Hold yourself and your team accountable for counteracting bias by publicly communicating your goals for new hires and promotions, and how these will be assessed. At our company, Glint, one of our company values is to “default to open.” By this, we mean we try to be as open as possible with information and data and also approach all interactions, discussions, and any situations that involve conflict with an open mind. At the same time, we endeavour to look at challenging situations as opportunities to learn. The way we do this is to try to stay as curious as possible and regularly ask ourselves the question, ‘What if the reverse of what I assume is actually true here?’ In the area of bias, we ask, “how could bias be impacting our company’s people strategies?”
Look to spotlight real examples of acknowledging bias in the moment, and then use these examples to underline why it’s so important to understand and address.
One of our customers is putting all this into practice and helping to meet their diversity and inclusion goals. That’s Sky UK, whose managers use a simple toolkit containing research on why diversity and inclusion matters, and materials specifically for its senior leaders so they are empowered to communicate about diversity in the workplace.
A conversation-based culture
Best practice suggests you should also seek to encourage an environment that supports open conversations between managers and employees – among teams and across the organisation. Positive, open conversation is the foundation of change: it can fundamentally alter our understandings of one another, as well as boost empathy and strengthen our own comfort with authenticity.
How do we implement this? Leaders must seek feedback from their teams on a frequent basis and ensure that everyone’s opinion is taken into consideration. Organisations should also try and involve as diverse a set of people as possible to review and support the policies being created, in order to ensure their design is reflective of true diversity of thought and experience.
Leadership need to ensure the whole organisation is provided with guidelines for how to facilitate and conduct effective conversations within their teams, and continuously reinforce their importance. Providing teams with timeframes for holding these conversations can help reduce resistance to engaging in these discussions.
At Sky UK, facilitators use guides with videos and quizzes to get the conversation going in their teams. It also supports five internal diversity and inclusion employee networks – parents@sky, LGBT+@sky, women@sky, multiculture@sky and body&mind@sky – all run by volunteers with an exec sponsor and light touch guidance from the inclusivity team. According to Catherine Garrod, the firm’s Head of Inclusion, the data and comments these gather are “a fantastic source of insight creating bottom-up pressure from their members, keeping us focused on the things that matter most to our people”.
Measuring progress is important
There is a long-standing maxim that only that what gets measured gets improved. So, ensure you are frequently measuring and reporting on the sentiments and actions of your teams.
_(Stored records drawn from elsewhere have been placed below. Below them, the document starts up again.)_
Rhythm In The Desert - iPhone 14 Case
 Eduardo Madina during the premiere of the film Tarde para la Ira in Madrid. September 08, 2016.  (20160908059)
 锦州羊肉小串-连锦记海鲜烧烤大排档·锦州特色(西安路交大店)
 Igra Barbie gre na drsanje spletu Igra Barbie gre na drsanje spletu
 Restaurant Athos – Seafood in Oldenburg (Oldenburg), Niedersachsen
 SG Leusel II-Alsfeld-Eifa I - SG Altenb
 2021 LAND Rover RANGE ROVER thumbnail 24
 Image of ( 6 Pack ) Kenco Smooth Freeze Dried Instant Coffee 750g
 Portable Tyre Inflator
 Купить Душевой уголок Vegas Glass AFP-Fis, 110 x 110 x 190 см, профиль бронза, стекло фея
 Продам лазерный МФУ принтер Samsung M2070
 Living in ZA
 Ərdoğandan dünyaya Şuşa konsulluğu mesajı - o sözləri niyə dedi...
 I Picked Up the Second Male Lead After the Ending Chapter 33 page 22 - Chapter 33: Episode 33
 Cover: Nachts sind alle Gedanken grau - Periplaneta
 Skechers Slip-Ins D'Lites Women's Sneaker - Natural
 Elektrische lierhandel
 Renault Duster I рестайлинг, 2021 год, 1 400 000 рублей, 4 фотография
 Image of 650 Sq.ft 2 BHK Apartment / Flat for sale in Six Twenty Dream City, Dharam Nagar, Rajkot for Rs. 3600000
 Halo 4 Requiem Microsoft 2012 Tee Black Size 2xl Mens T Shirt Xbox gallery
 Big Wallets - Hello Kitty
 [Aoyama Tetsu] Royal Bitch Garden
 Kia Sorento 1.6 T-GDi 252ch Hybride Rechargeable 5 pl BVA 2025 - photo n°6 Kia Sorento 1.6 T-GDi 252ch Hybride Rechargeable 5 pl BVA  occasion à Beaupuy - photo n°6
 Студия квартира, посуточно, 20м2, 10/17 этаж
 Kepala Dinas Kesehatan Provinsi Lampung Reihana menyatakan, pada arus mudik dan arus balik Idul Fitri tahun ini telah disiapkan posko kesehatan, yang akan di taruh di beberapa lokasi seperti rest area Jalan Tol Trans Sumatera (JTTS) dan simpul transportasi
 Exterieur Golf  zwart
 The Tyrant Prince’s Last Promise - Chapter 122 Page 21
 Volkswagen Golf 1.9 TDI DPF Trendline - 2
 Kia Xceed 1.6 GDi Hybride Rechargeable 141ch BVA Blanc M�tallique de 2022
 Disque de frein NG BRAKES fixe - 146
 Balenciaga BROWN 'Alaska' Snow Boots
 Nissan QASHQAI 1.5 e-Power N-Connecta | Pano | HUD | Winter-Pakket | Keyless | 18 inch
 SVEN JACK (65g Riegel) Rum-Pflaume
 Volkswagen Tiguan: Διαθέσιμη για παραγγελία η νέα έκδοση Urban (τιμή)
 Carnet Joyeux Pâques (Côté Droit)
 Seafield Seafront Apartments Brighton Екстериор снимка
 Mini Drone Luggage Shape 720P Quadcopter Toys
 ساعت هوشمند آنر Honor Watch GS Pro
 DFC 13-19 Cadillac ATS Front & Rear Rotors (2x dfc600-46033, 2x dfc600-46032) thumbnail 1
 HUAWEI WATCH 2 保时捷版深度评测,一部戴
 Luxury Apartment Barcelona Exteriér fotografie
With frequent ongoing engagement surveys in place and data (that you’ll ideally receive on an on-going basis, not just every six months), you can look for trends, bright spots, and patterns. Do individuals feel a sense of inclusion, or are they feeling excluded? Do they feel like they have a significant role to play, or do they feel overlooked and underappreciated?
Use these survey insights to fuel conversations and to focus any actions you take to address concerns. And never forget that while HR teams can create company-wide programmes for hiring, retaining and promoting a wider range of employees, individual departments and teams are best placed to track and ensure that progress is being made for individuals.
Our diverse future is a rich one
When it comes to the values of diversity, inclusion, and belonging, the time for talk is long past. Now, it’s time for action. No organisation has completely figured out how to eradicate unconscious bias, but the benefits of true workplace diversity are so obviously attractive that the challenges inherent in it simply have to be addressed.
Addressing unconscious bias is a great place to start that journey.